We give obstructions and constructions of embeddings of rational homology balls into spin 4-manifolds, focusing on connected sums of S²×S². Our favourite examples are surgeries along knots in the 3-sphere, lens spaces, and Seifert fibred spaces. We mostly give obstructions using the Rokhlin invariant and the 10/8 Theorem.
(with P. Aceto) Dehn surgeries and rational homology balls
Algebraic and Geometric Topology 17 (2017), no. 1, 487–527
We study which Dehn surgeries along knots bound rational homology balls, giving restrictions on the possible surgery slopes and constructions for some families of surgeries along torus knots.
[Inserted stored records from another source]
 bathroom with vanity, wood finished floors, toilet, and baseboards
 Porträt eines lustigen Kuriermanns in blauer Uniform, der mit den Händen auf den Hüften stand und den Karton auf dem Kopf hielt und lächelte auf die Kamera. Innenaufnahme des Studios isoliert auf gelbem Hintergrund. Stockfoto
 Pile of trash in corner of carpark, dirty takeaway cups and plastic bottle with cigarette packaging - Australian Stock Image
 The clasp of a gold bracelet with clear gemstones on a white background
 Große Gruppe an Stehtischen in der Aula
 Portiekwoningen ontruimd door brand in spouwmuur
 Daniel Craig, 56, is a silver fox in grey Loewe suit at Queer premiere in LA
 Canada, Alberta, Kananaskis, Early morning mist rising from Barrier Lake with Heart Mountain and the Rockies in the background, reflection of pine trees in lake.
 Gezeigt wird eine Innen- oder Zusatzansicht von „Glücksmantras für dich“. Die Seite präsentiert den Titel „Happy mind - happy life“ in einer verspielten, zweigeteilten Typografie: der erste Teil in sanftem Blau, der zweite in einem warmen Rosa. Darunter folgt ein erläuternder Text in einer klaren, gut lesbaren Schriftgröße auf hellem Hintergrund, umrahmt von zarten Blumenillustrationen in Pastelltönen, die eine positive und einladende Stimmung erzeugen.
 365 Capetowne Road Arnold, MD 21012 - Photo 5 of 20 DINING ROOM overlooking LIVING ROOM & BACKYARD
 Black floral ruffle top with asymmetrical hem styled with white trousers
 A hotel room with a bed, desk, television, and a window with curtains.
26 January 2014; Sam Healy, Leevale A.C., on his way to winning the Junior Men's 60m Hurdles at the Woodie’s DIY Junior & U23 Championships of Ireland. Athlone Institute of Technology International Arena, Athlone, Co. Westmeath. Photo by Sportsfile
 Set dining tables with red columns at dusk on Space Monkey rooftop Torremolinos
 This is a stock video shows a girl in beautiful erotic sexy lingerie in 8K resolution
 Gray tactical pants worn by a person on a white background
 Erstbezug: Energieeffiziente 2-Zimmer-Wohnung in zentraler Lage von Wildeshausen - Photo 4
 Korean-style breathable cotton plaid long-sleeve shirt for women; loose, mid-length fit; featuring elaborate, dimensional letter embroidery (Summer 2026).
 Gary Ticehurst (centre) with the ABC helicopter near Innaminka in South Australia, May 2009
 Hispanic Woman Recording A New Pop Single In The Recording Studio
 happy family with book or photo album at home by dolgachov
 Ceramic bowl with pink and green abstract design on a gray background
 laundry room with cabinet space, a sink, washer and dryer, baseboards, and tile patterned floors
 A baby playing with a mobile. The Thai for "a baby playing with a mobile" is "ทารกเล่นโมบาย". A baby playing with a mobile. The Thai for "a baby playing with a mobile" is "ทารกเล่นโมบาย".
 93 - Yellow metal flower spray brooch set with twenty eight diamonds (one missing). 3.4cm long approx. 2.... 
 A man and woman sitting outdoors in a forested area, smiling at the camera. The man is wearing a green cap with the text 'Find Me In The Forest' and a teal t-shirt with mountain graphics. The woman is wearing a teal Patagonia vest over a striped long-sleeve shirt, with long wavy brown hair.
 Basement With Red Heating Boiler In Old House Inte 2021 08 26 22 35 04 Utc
The main tools are Heegaard Floer correction terms, Donaldson's theorem, and manipulations of plumbing diagrams.
(with J. Bodnár and D. Celoria) Cuspidal curves and Heegaard Floer homology
Proceedings of the London Mathematical Society 112 (2016), no. 3, 512–548
We give bounds on the gap functions of the singularities of a cuspidal plane curve of arbitrary genus. We apply these inequalities to unicuspidal curves whose singularity has one Puiseux pair: we prove some finiteness results, we construct infinite family of examples, and in some cases we give an almost complete classification.
(with P. Lisca) On Stein fillings of contact torus bundles
Bulletin of the London Mathematical Society 48 (2016), no. 1, 19–37
We construct tight contact structures on some torus bundles over the circle and we study their Stein fillings, up to diffeomorphism. We classify these fillings, showing that uniqueness holds in some cases; we also provide examples where uniqueness does not hold.
Ozsváth–Szabó invariants of contact surgeries
Geometry and Topology 19, no. 1, (2015) 171–235
We give the computation of the Ozsváth–Szabó contact invariant for positive contact surgeries in the 3-sphere in terms of the classical invariants of the Legendrian knot, and tau and nu (or tau and epsilon) of the underlying topological type.
Comparing invariants of Legendrian knots
Quantum Topology 6 (2015), no. 3, 365–402
We give a comparison between the EH contact invariant of Honda, Kazez and Matic and the LOSS^- invariant of Lisca, Ozsváth, Stipsicz and Szabó.